JOHN KENNEY,GAZETTE, A Northern Combines player tries to tackle a Southern Bombers opponent in the 46th annual Garbage Bowl game at Royal West Academy yesterday. The game, a Montreal West New Year’s tradition that pits residents against each other, ended in a 0-0 tie.

No gloating as Garbage Bowl ends 0-0
Weather just wasn’t rotten enough for true devotees, fan says

Kickoff lady Gail Griffith, sporting the Miss Leftovers crown, started the game with what she termed a bad punt.
Come hangover, hail or Arctic winds, the New Year’s Day Garbage Bowl football game is a Montreal West tradition supported by hundreds of enthusiasts.
Yesterday’s 46th annual encounter between the Southern Bombers and the Northern Combines — which ended in a 0-0 tie — was no exception.
But game regulars suggested the almost balmy temperatures and light dusting of snow took the edge off the day and kept the hardiest of fans home.
“When it’s really, really, really cold, they seem to come out more,” said Sally Lamton, scanning the 300 to 350 people and the dozen or so canines watching the game played at Royal West Academy.
Huge, square-shouldered men in green or red underwear ran hither and yon, chasing a pigskin over a snow-covered ice patch. Pileups were plentiful, and the fellow on the bottom usually emerged shaking snow out of his helmet. A parody of the U.S. college bowl games, the Garbage Bowl was first played without goal posts. Converts were made by tossing the football into garbage cans positioned at the ends of the field, hence the name.

It was — and still is — a game that pits Montreal West residents who live south of the CPR tracks, the Southern Bombers, against their northern neighbors, the Northern Combines. More often than not, the North wins.
esterday’s tie game means a year without razzing the southerners, Marylea Telfer said. “We usually gloat like mad. Now we’ll have to be nice to them,” said Telfer, one of the volunteers who organize a host of game-related events.
The venture is a fundraiser for the Montreal Westward Rotary Club. About $13,000 to $15,000 a year is generated through various events, Teller said.
By all accounts, the players take the game very seriously, no matter how hard or long they partied the night before.
The Garbage Bowl’s historical notes include a 1951 entry describing how a key player arrived moments before the kickoff still in party mode and tuxedo.

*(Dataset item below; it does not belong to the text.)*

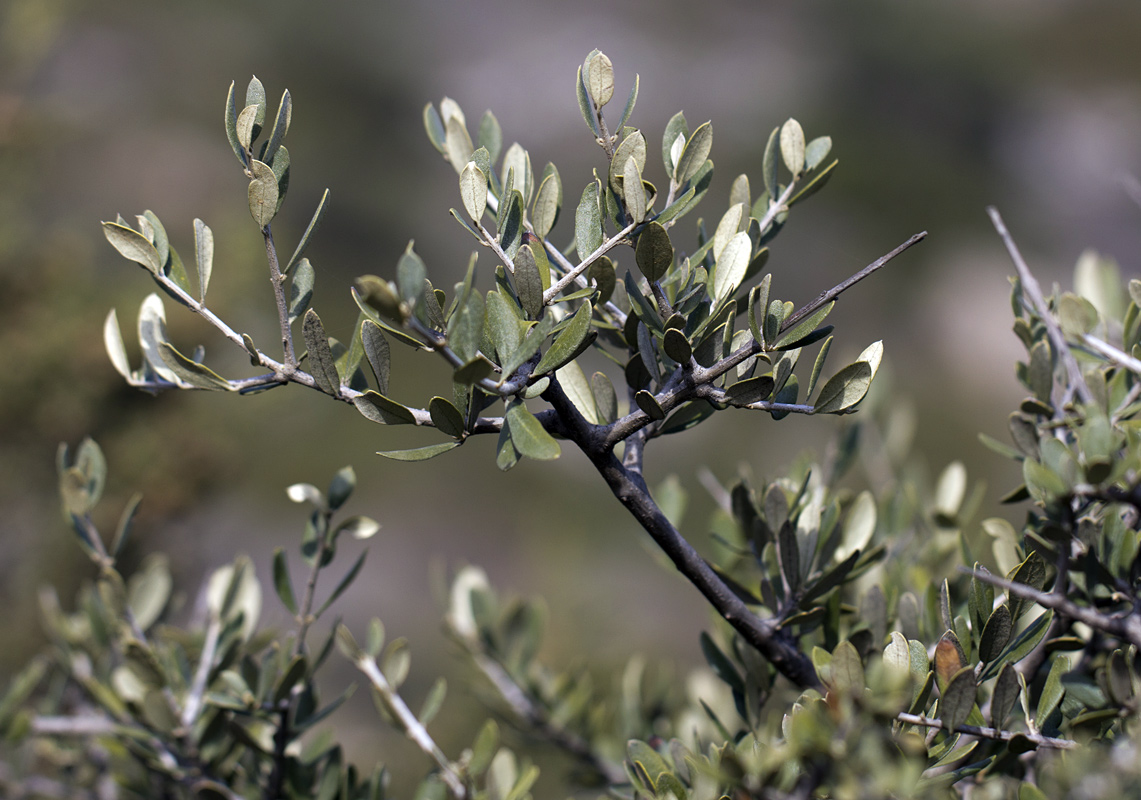 Image of Olea europaea var. sylvestris specimen.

But he was clutching his longjohns and was able to pull on his uniform in time to start the game and score a 102-yard touchdown.
The players practise for months, said Laura Tanguay, whose son, Eric, played his third game yesterday.
Peter Poupart travelled all the way from Howick to be part of the Southern Bombers’ roster. “I work with a guy who has been playing for 13 years and have finally finagled my way on to the team,” he said.
As tradition demands, Miss Leftovers
— this year, Gail Griffith — kicked off the ball to start the game. “It rolled on is side like a sucker ball,” she said.
The title comes from the way in which Miss Leftovers is selected. The names of all Royal West Academy students vying for the title are placed in a hat. The one left over after the others have been picked out gets the title and the honors.
Other Garbage Bowl titles are more work, though. Most Valuable Player awards yesterday went to Bret Myles, from the Combines, and Kenny Dillon from the Bombers.